Un bagno a Varanasi

Sanjay Kumar e Yogesh Gupta: ovvero la capacità che non fa rima con arrampicamento sociale

16 ottobre 2003 Che ne dite di un’abluzione a Benares (Varanasi), laddove le acque del fiume sacro sanno riportare alla triangolazione più facile da comprendere, uomo, terra e dio (chiunque esso sia)?
La mistica sta all’India quanto il vil metallo agli Stati Uniti.
Eppure.
Eppure, parlando di “verdoni”, siamo tutti un po’ Paul Newman: conosciamo etica e anti-etica del colore dei soldi. Sappiamo riconoscere la fatica e dovremmo essere capaci di ragionare meritocraticamente.
Merito della cultura americana? Massì, va: in quanto a riconoscere la bravura delle persone, gli americani sono maestri.
A New York, nel 1976 arriva da Colombo, SriLanka (allora Ceylon) una famiglia di cingalesi: padre, madre, 4 figli, una valigia e 80 dollari in tasca del genitore.
Uno dei quattro discendenti si chiama Sanjay. Segnatevi questo nome.
Cosa avrebbe potuto chiedere una famiglia del genere all’economia statunitense? Il sogno americano più prosaico: pane per sé e istruzione per i figli.
Sanjay, quattordicenne, va a scuola.
All’epoca, nelle faccende comunitarie si usava ancora separare colored da white.
Un esempio erano le due file distinte per accedere alla mensa.
Sanjay chiede alla madre, da che parte deve mettersi uno che non è né bianco, né nero. Lei: dove la fila scorre più rapida.

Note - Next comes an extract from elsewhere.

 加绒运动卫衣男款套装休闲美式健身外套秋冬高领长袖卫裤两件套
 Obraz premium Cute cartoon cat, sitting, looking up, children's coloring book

In India si farà anche la fame, ma si studia. E se uno ha la fortuna di nascere nella casta buona, come Yogesh, di studi ne può fare.
Magari può laurearsi all’istituto tecnologico di Madras e andare a perfezionarsi negli States. Poi però si deve confrontare con il mercato del lavoro e dimostrare i suoi meriti.

Yogesh l’ha fatto.
Da grande è diventato Yogesh Gupta, chief technology officer, cioè numero due, di Computer Associates, la quarta software house al mondo, una società che, in scioltezza, genera un flusso di cassa operativo di un miliardo di dollari all’anno.
Il numero uno di quella società è Sanjay, che di cognome fa Kumar.

Ecco, forse è questo che manca a noi italiani, ma anche europei. No, non un quattordicenne che arrampichi socialmente. Piuttosto la capacità di svestirci da triti abiti mentali e di buttarci in un fiume purificatore.
Del resto la nobiltà è nata di qua dell’Atlantico.